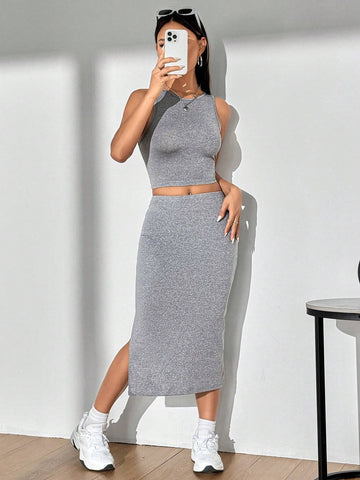 Women's Solid Color Slim Fit Vest And Skirt Set Women's Solid Color Slim Fit Vest And Skirt Set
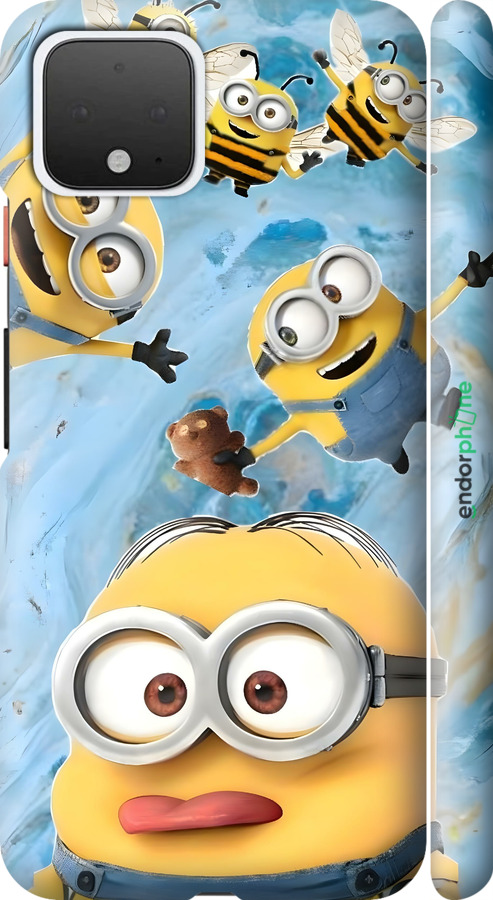 3D пластиковый матовый чехол Миньоны для Google Pixel 4 - 6386m-1755 изображение 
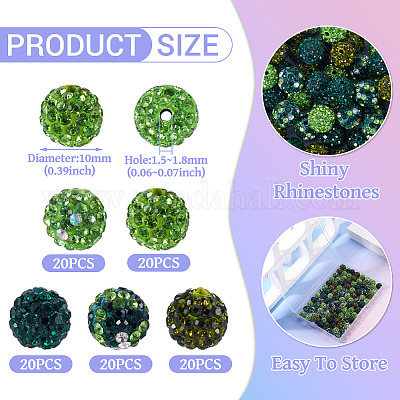 100 шт. 5 вида бусин из полимерной глины со стразами RB-TA0001-24-1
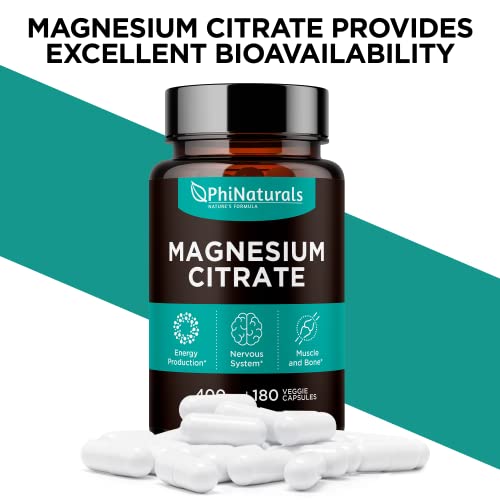 Magnesium Citrate Powder Capsules 400mg - 180 Count Veg Caps - PhiNaturals - image 8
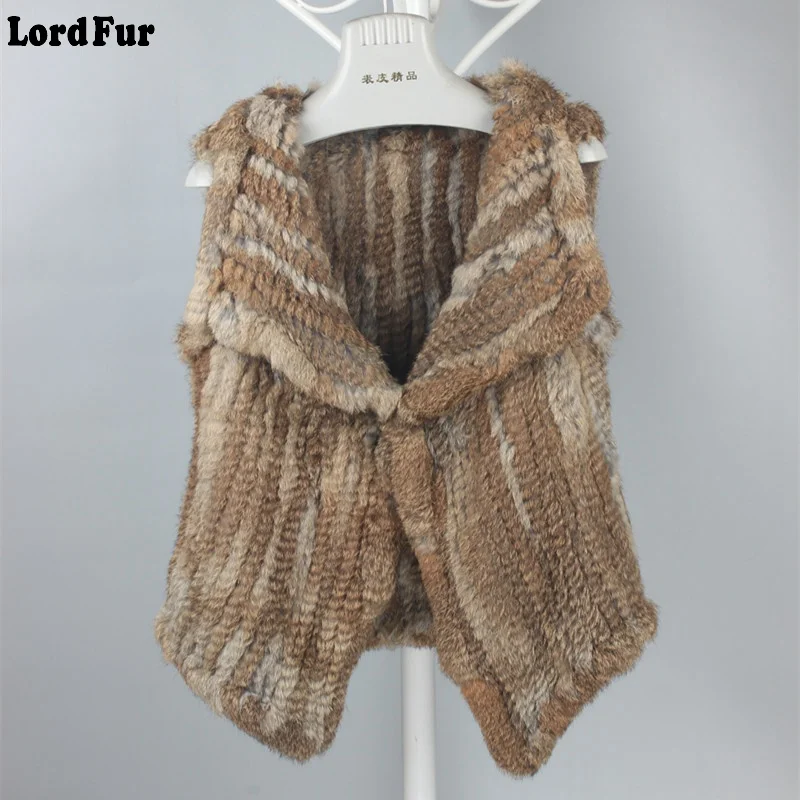 (TopFurMall) женский модный натуральный вязаный жилет из кроличьего меха с отложным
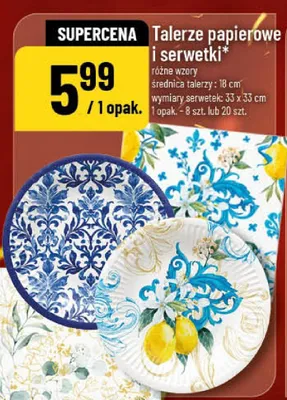Talerze papierowe i serwetki promocja w POLOmarket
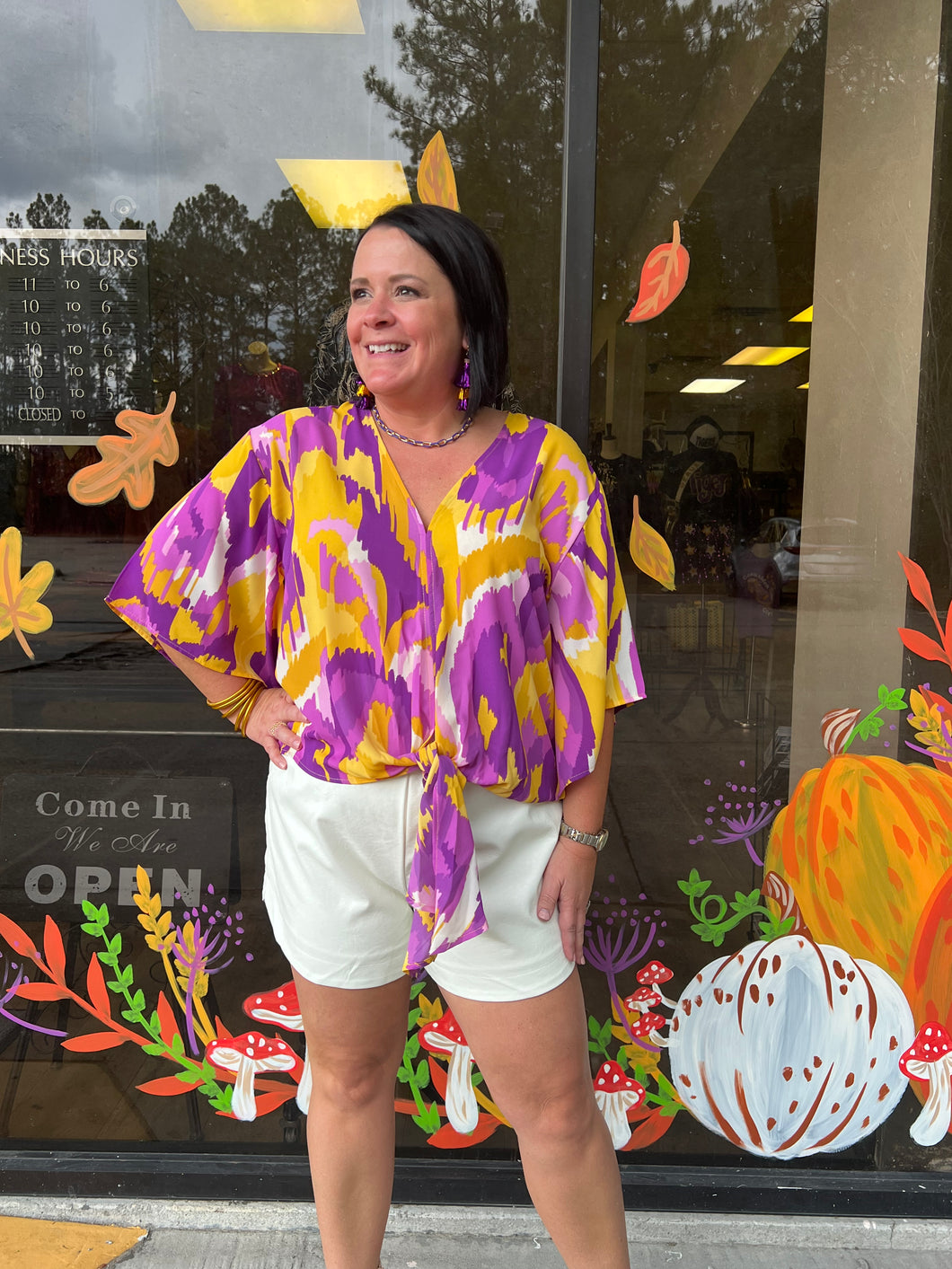 LSU Spirit Front tie kimono sleeve top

○ ○ ○ ○ ○ ○ ○

— Exercise objective —
All lines from the one containing "(TopFurMall) женский модный" through the end of the data are to be restated exactly, with nothing else and without the pictures.

— Task result —
 (TopFurMall) женский модный натуральный вязаный жилет из кроличьего меха с отложным
Talerze papierowe i serwetki promocja w POLOmarket
 LSU Spirit Front tie kimono sleeve top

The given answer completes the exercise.